[sustran] Michael Moore wishes GM a long good night ...
Ashok Sreenivas
ashok.sreenivas at gmail.com
Wed Jun 3 01:56:02 JST 2009
http://www.wired.com/beyond_the_beyond/2009/06/somebody-was-bound-to-put-the-boot-into-gm-and-it-might-as-well-be-him/
Goodbye, GM …by Michael Moore
I write this on the morning of the end of the once-mighty General
Motors. By high noon, the President of the United States will have made
it official: General Motors, as we know it, has been totaled.
As I sit here in GM’s birthplace, Flint, Michigan, I am surrounded by
friends and family who are filled with anxiety about what will happen to
them and to the town. Forty percent of the homes and businesses in the
city have been abandoned. Imagine what it would be like if you lived in
a city where almost every other house is empty. What would be your state
of mind?
It is with sad irony that the company which invented “planned
obsolescence” — the decision to build cars that would fall apart after a
few years so that the customer would then have to buy a new one — has
now made itself obsolete. It refused to build automobiles that the
public wanted, cars that got great gas mileage, were as safe as they
could be, and were exceedingly comfortable to drive. Oh — and that
wouldn’t start falling apart after two years. GM stubbornly fought
environmental and safety regulations. Its executives arrogantly ignored
the “inferior” Japanese and German cars, cars which would become the
gold standard for automobile buyers. And it was hell-bent on punishing
its unionized workforce, lopping off thousands of workers for no good
reason other than to “improve” the short-term bottom line of the
corporation. Beginning in the 1980s, when GM was posting record profits,
it moved countless jobs to Mexico and elsewhere, thus destroying the
lives of tens of thousands of hard-working Americans. The glaring
stupidity of this policy was that, when they eliminated the income of so
many middle class families, who did they think was going to be able to
afford to buy their cars? History will record this blunder in the same
way it now writes about the French building the Maginot Line or how the
Romans cluelessly poisoned their own water system with lethal lead in
its pipes.
So here we are at the deathbed of General Motors. The company’s body not
yet cold, and I find myself filled with — dare I say it — joy. It is not
the joy of revenge against a corporation that ruined my hometown and
brought misery, divorce, alcoholism, homelessness, physical and mental
debilitation, and drug addiction to the people I grew up with. Nor do I,
obviously, claim any joy in knowing that 21,000 more GM workers will be
told that they, too, are without a job.
But you and I and the rest of America now own a car company! I know, I
know — who on earth wants to run a car company? Who among us wants $50
billion of our tax dollars thrown down the rat hole of still trying to
save GM? Let’s be clear about this: The only way to save GM is to kill
GM. Saving our precious industrial infrastructure, though, is another
matter and must be a top priority. If we allow the shutting down and
tearing down of our auto plants, we will sorely wish we still had them
when we realize that those factories could have built the alternative
energy systems we now desperately need. And when we realize that the
best way to transport ourselves is on light rail and bullet trains and
cleaner buses, how will we do this if we’ve allowed our industrial
capacity and its skilled workforce to disappear?

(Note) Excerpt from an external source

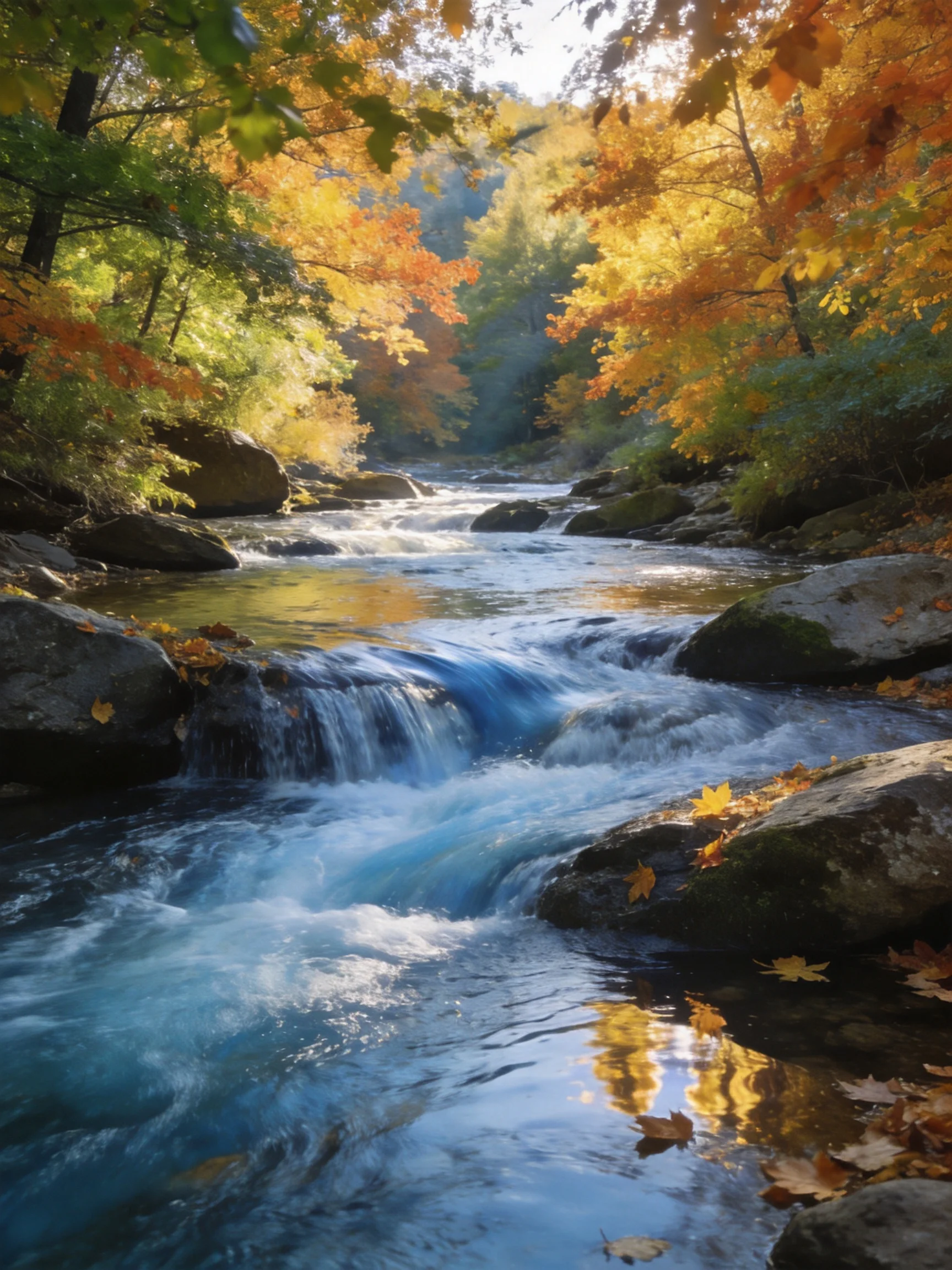 A Stream With Rapids Among Autumn Trees and Boulders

Thus, as GM is “reorganized” by the federal government and the
bankruptcy court, here is the plan I am asking President Obama to
implement for the good of the workers, the GM communities, and the
nation as a whole. Twenty years ago when I made “Roger & Me,” I tried to
warn people about what was ahead for General Motors. Had the power
structure and the punditocracy listened, maybe much of this could have
been avoided. Based on my track record, I request an honest and sincere
consideration of the following suggestions:
1. Just as President Roosevelt did after the attack on Pearl Harbor, the
President must tell the nation that we are at war and we must
immediately convert our auto factories to factories that build mass
transit vehicles and alternative energy devices. Within months in Flint
in 1942, GM halted all car production and immediately used the assembly
lines to build planes, tanks and machine guns. The conversion took no
time at all. Everyone pitched in. The fascists were defeated.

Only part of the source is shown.